_EXERCISE DIRECTIONS_
What you copy should be the lines from the one with "彻底理解浏览器的缓存机制（http缓存机制）" through the end of the entries, word for word. Omit the pictures.

_Caption-style text data_
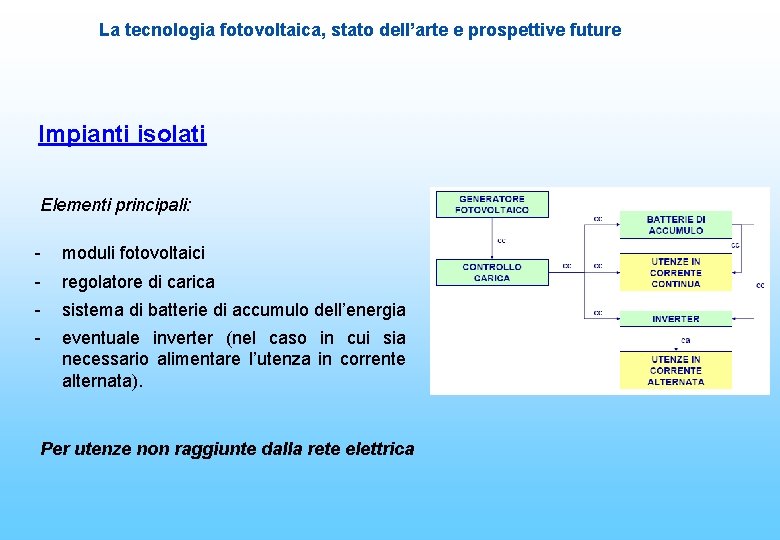 La tecnologia fotovoltaica, stato dell’arte e prospettive future Impianti isolati Elementi principali: - moduli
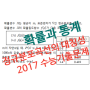 확률과 통계 정규분포 대칭성 2017수능기출 문제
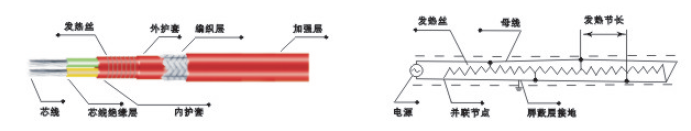 JFB-□/2型單相恒功率并聯(lián)電熱帶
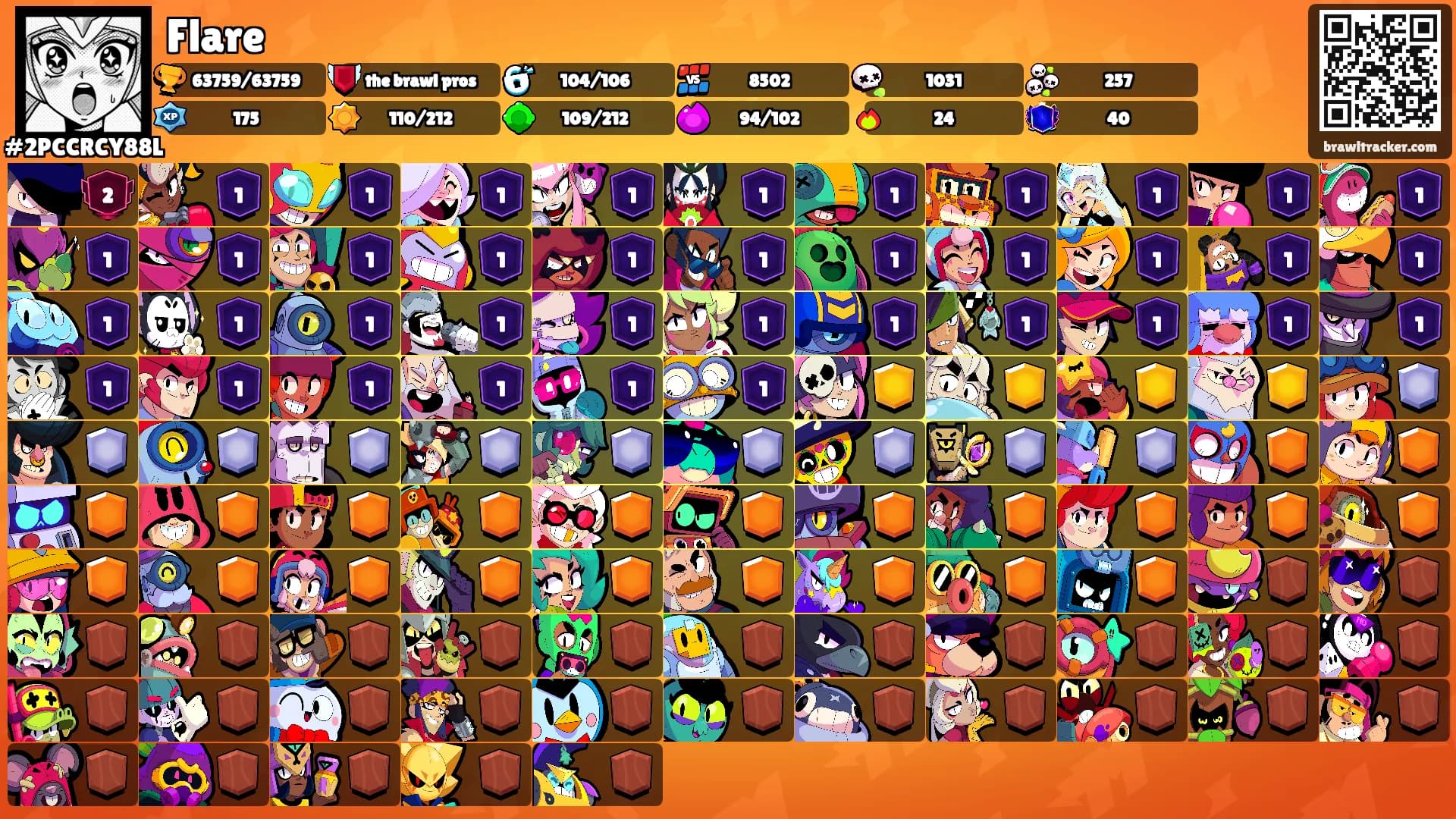 Flare's Ranks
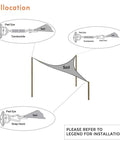 Diagram of 6 Inch Triangle Sun Shade Sail Hardware Kit In 304 Stainless Steel For Outdoor Installation Built Tough Turnbuckles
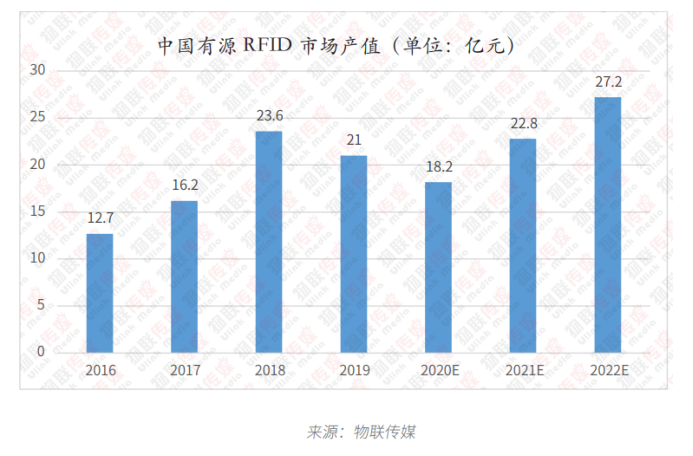 有源RFID篇3920.png 有源RFID篇3920.png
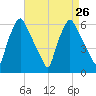 Philadelphia tide chart for Thursday, August 26, 2021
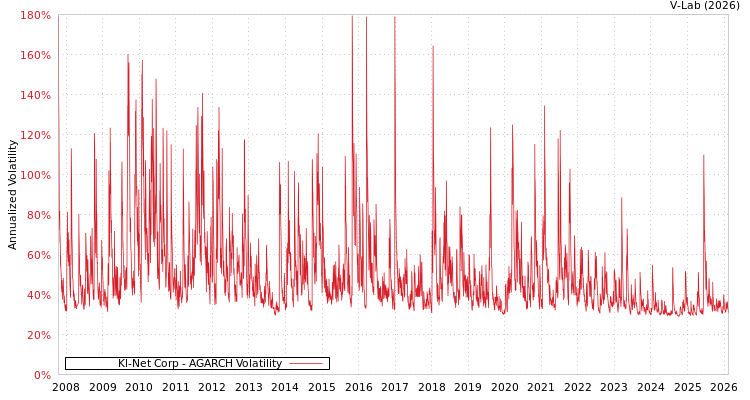 graph of Kl-Net Corp AGARCH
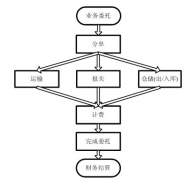 物流配送系統(tǒng)功能及特點(diǎn)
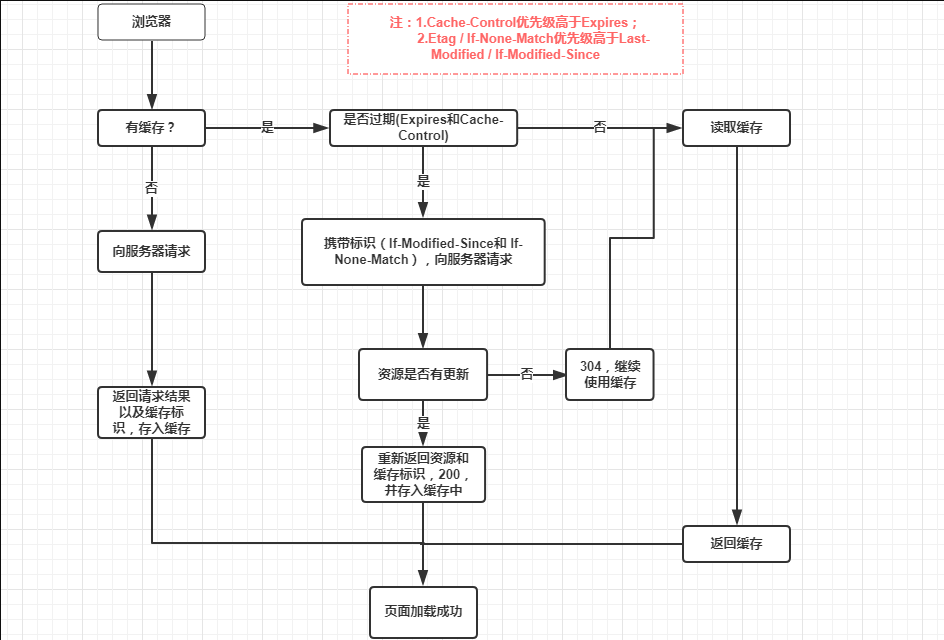 彻底理解浏览器的缓存机制（http缓存机制） 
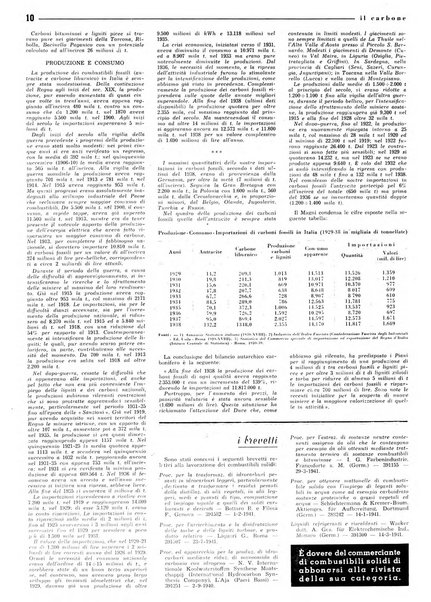 Il carbone Rassegna mensile italiana del commercio dei combustibili solidi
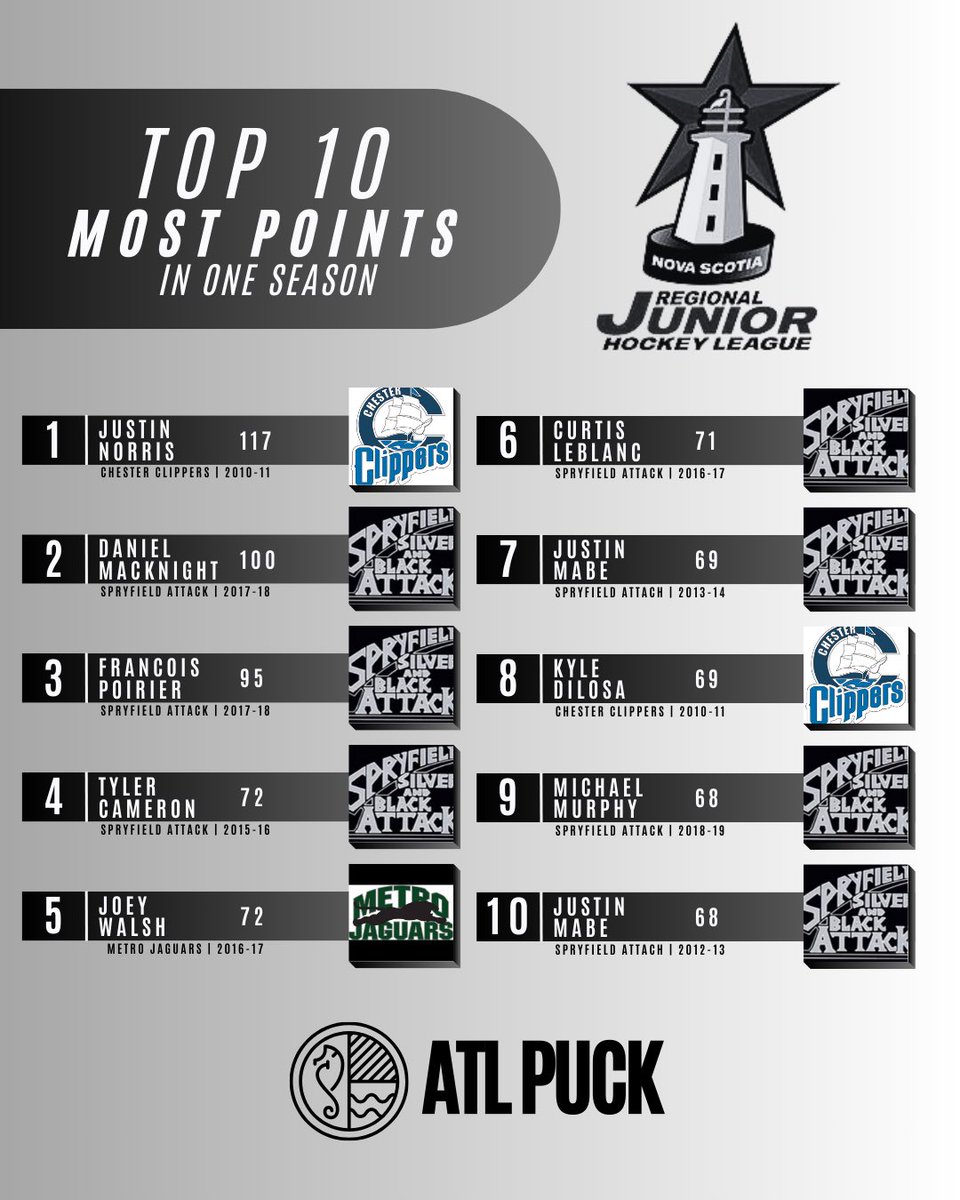 atlanticpuck's tweet photo. Welcome to the Jungle.
#JuniorC #JungleC https://t.co/caU2gTlpUc
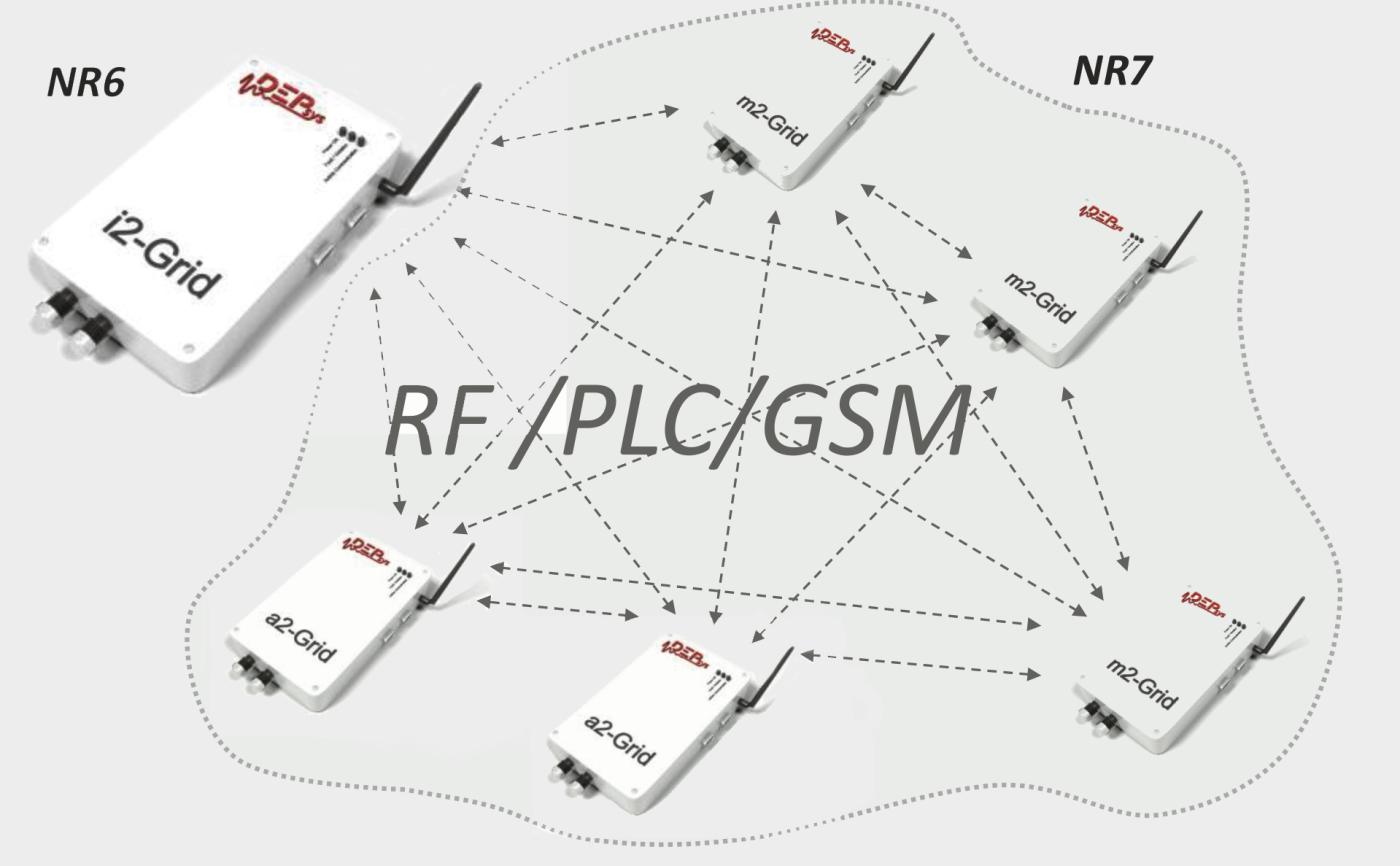 <strong>Figure 3</strong> Les modules GridEye du réseau de distribution (niveau de tension NR 7) communiquent par fréquence radio (RF), par Powerline Communication (PLC) ou par télécommunication mobile (GSM). L’appareil i2-Grid envoie les données au système de gestion, mais ne réalise lui-même aucune analyse.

_RESULT_
 彻底理解浏览器的缓存机制（http缓存机制） 
 Il carbone Rassegna mensile italiana del commercio dei combustibili solidi
 atlanticpuck's tweet photo. Welcome to the Jungle.
#JuniorC #JungleC https://t.co/caU2gTlpUc
 <strong>Figure 3</strong> Les modules GridEye du réseau de distribution (niveau de tension NR 7) communiquent par fréquence radio (RF), par Powerline Communication (PLC) ou par télécommunication mobile (GSM). L’appareil i2-Grid envoie les données au système de gestion, mais ne réalise lui-même aucune analyse.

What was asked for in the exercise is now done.